2 Corinthians 10:5 says it like this in the NIV (emphasis mine), "We demolish arguments and every pretension that sets itself up against the knowledge of God, and we take captive every thought to make it obedient to Christ."  Let's use this verse as the first step.  Sometimes its hard to know what to do with that negative thought after you recognize it.  A negative thought such as, "I just barely meet the qualifications for this job," requires a bit more observation.  Once you have taken your thought captive (recognized it), take time to examine it; write it down, study it, ask yourself if you have heard this sort of talk before and if so who was it coming from?  I have spoken with many people who've said these sort of things (myself included) yet didn't see the underlying assumptions.  "Not qualified" could possibly assume: worthless, a bad person, incapable, failure and so on.   

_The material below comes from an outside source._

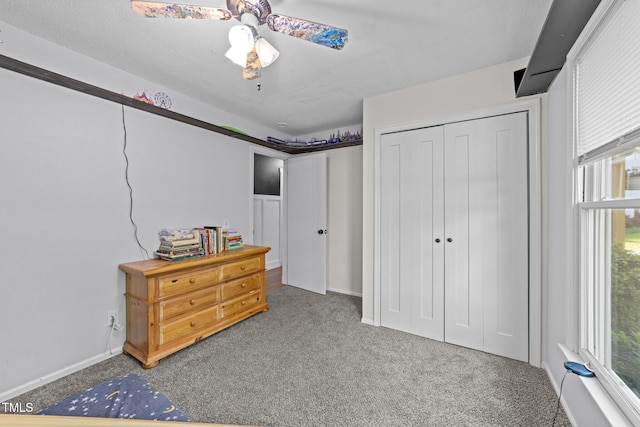 6125 Bellow St, Raleigh, NC 27609 - bedroom with carpet flooring, a closet, ceiling fan, and baseboards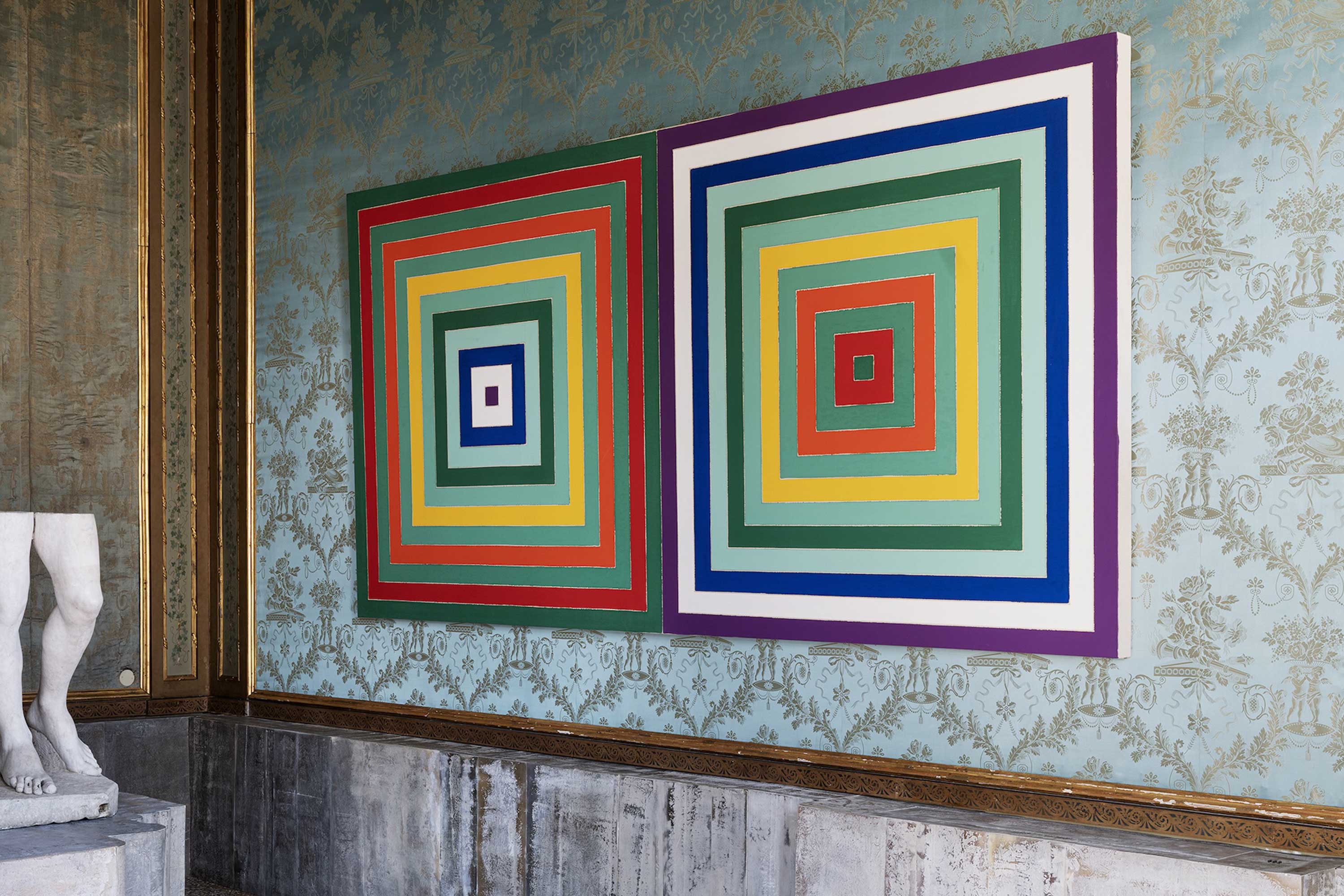 Colorful geometric artwork with concentric squares hangs on an ornate wall next to a partial view of a marble statue.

Please challenge your negative thoughts.  Write out a list of reasons your aren't a "failure," "bad person," or whatever.  Ask a friend for some help making this list could be extremely beneficial.  When you commission a friend, you can hear it from someone outside of your own voice which in turn, can make it easier to believe.

I'm sure I have sabotaged my own fair share of opportunities by my negative thinking.  When life gets hard, we can't just throw up our hands and think, I guess I'm just not cut out for this.  We have to think positive and continue forward.  Set backs are a given, failure is faulty thinking.

Now let's broaden this out to physical fitness.  If you want to get into shape, what sort of things are you telling yourself about starting?  I often hear, "I will never be able to lose the weight and if I do, I wont be able to keep it off", "I just can't find the time during the day to fit it in", "Gym memberships cost too much money," etc. etc. etc. Sabotage after sabotage after sabotage.

The scariest piece of this whole puzzle is this: we do have what it takes to get the job we want, to be in shape, to live the lives we want to live, we just have to rid ourselves of the negative self talk, replace that old worn out tape player telling us we are no good, and start being the people we were designed to be.